Exercise prompt:
Every line from the one with "Wooden drum sits" to the one with "Robe portefeuille courte", including those two, is to be copied exactly; all other lines of the entries below are left out.

[Source data Boundary: Start]

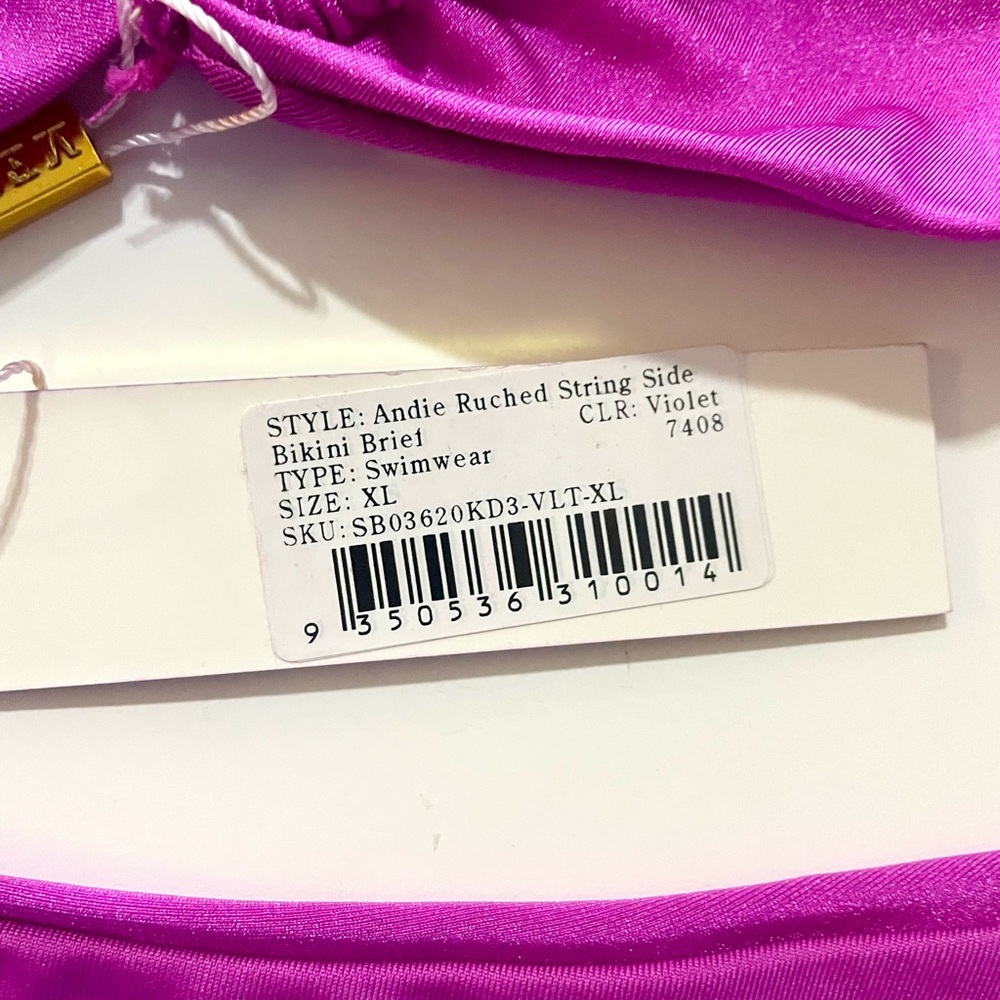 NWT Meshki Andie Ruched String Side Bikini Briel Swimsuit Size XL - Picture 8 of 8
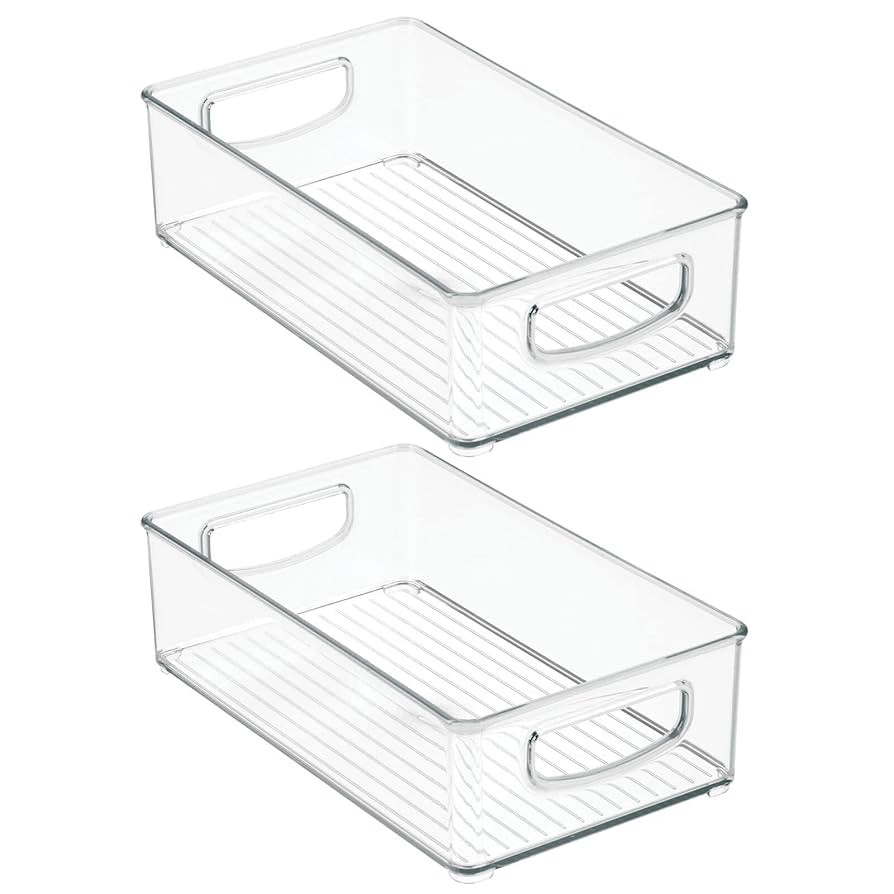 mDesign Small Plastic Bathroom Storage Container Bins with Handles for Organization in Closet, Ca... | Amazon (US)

[Source data Boundary: End]
[Source data Boundary: Start]

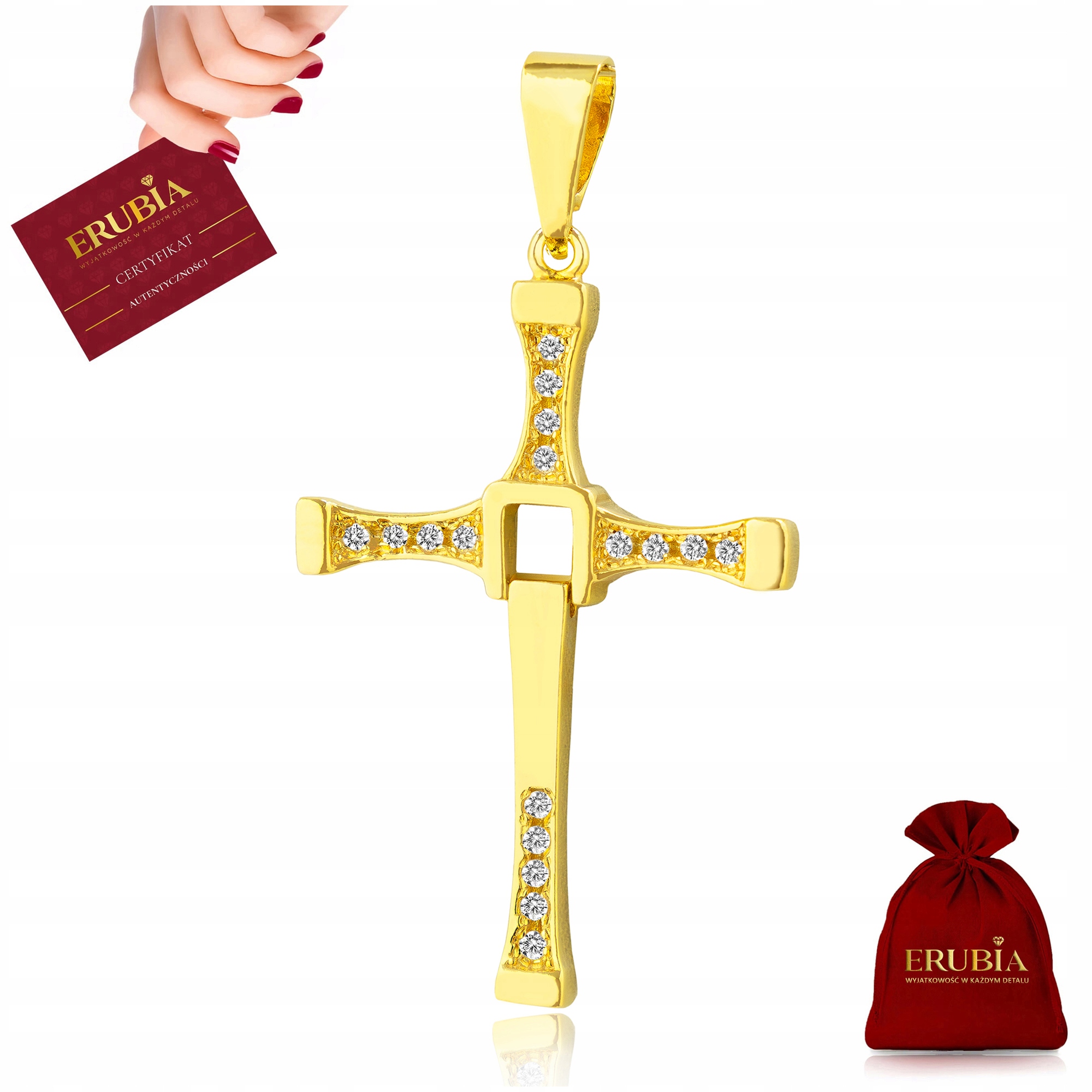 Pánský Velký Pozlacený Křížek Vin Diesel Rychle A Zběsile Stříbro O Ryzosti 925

[Source data Boundary: End]
[Source data Boundary: Start]

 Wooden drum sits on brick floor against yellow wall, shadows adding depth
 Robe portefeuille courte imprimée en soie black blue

[Source data Boundary: End]

Answer to the exercise:
 Wooden drum sits on brick floor against yellow wall, shadows adding depth
 Robe portefeuille courte imprimée en soie black blue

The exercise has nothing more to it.